Still, the work is valuable because it operationalizes an actionable idea: preventive interventions in rare, complex diseases are hard to power, but risk stratification—identifying those most likely to benefit—can make trials more feasible.

If childhood obesity truly has a stronger effect among those with high polygenic susceptibility, then targeting obesity prevention and metabolic health early in life might yield the largest marginal risk reduction precisely in that genetically enriched subgroup—an approach that aligns with precision prevention rather than generic population messaging.

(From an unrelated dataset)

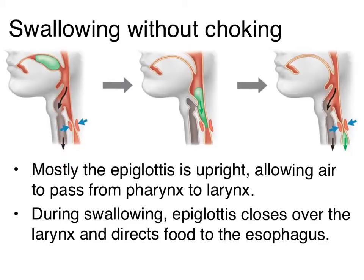However, when we're in the middle of swallowing, that epiglottis closes over the larynx, directing the bolus of food — rather than going down the larynx, which would cause us to choke — back towards our esophagus, where the sphincter at the top of our esophagus relaxes and allows that food to pass through.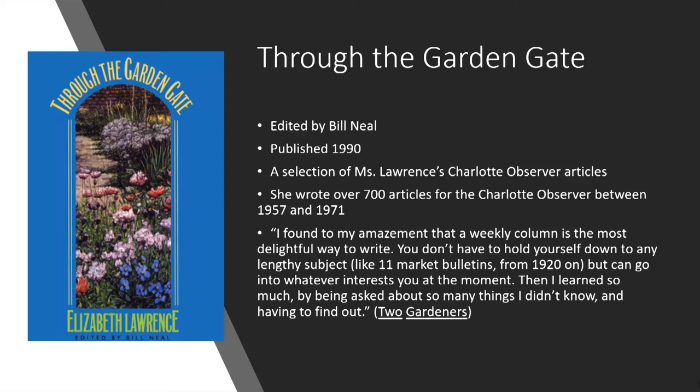'I found to my amazement that a weekly column is the most delightful way to write. You don't have to hold yourself down to any lengthy subject, like 11 market bulletins from 1920 on, but go into whatever interests you at the moment.' Then she learned so much by being asked so many things she didn't know and having to find out. She further went on to say that the response of writing the garden column was very stimulating — she would go to church and a dozen people had questions for her.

Disclaimer: This blog post is based on the provided research article and is intended for informational purposes only. It is not intended to provide medical advice. Please consult with a healthcare professional for any health concerns.

References:
Jacobs, B. M., Noyce, A. J., Bestwick, J., Belete, D., Giovannoni, G., & Dobson, R. (2021). Gene-environment interactions in multiple sclerosis: a UK Biobank study. Neurology: Neuroimmunology & Neuroinflammation, 8(4), e1007.